In addition to inhalation, NIH funding is currently being applied toward the development of oral insulin delivery. Like the inhalation route, the oral route would in theory prevent the patient from having to receive multiple daily injections. However, there do exist a few drawbacks to oral delivery. The first disadvantage of the oral route is the difficulty in maintaining the integrity of insulin in the harsh environment of the stomach. Insulin must be able to pass through the stomach and into the intestines for absorption into the bloodstream. However, the acidic gastric environment will degrade insulin, requiring a protective vehicle to allow the insulin to pass safely to the small intestine. Peppas [9] has developed a biomaterial for oral delivery of proteins that protects them in the harsh stomach environment and releases them in the higher pH environment of the small intestine. While protein degradation is one main cause of low bioavailability for protein delivery, another disadvantage of oral delivery is the low bioavailability associated with poor absorption from the intestine into bloodstream [10]. Ongoing research in many labs, including the Peppas laboratory, is currently focused on improving the transport of insulin across the intestinal epithelium.

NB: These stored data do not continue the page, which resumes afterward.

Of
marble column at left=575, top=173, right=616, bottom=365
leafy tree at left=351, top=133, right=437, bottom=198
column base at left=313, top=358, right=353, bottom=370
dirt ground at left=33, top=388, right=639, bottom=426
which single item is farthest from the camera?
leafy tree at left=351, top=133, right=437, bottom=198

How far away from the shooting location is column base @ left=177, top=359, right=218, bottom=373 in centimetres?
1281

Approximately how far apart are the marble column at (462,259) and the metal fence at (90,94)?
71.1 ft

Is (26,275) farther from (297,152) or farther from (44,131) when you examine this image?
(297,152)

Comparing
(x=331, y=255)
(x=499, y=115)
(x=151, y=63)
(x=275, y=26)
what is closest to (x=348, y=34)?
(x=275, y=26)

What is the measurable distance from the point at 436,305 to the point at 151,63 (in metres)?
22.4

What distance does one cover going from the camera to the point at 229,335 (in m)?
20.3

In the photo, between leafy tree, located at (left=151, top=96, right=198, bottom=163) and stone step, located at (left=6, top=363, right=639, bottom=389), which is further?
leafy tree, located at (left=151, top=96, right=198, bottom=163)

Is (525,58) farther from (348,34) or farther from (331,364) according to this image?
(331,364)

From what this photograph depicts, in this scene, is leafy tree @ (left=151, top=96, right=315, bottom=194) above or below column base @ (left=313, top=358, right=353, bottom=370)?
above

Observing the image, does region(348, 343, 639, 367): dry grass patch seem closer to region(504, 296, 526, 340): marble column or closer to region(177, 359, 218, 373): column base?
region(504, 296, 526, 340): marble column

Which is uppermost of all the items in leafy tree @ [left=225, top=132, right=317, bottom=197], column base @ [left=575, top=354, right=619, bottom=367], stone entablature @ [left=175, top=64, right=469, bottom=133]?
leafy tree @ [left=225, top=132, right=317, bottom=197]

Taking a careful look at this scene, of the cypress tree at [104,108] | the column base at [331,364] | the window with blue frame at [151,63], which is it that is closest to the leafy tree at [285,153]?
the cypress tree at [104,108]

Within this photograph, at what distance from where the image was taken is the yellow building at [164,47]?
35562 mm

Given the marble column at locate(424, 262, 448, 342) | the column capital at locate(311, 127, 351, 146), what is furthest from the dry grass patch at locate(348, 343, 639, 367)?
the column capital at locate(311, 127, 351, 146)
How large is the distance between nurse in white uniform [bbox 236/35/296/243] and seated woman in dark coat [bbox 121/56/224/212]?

In addition to oral and inhaled insulin delivery, other proposed methods include delivery via the eyes, skin, and nasal passages [6]. All open loop delivery systems require some level of patient or doctor involvement in the insulin administration. This will require a blood glucose measurement, an estimate of the meal to be consumed, and a calculation in order determine an empirical estimate of the insulin requirement. With the exception of the insulin pump, the open loop method requires a patient to live a predictable lifestyle, one in which his or her meal is prepared specifically for the given insulin bolus and exercise must be performed only in accordance with the insulin received.

Closed-Loop Delivery

An effective alternative to open loop insulin delivery is closed-loop delivery, in which the involvement of the patient in maintaining glucose control is minimal. Such a system would be able to determine the insulin requirement in real time, regardless of the situation, and deliver the proper insulin dosage. It would be able to change the infusion as the patient’s activity changes and, ideally, would exist internally, eliminating the requirement of wearing external equipment. Such a system would also aim to significantly reduce the number of injections required or to eliminate them altogether.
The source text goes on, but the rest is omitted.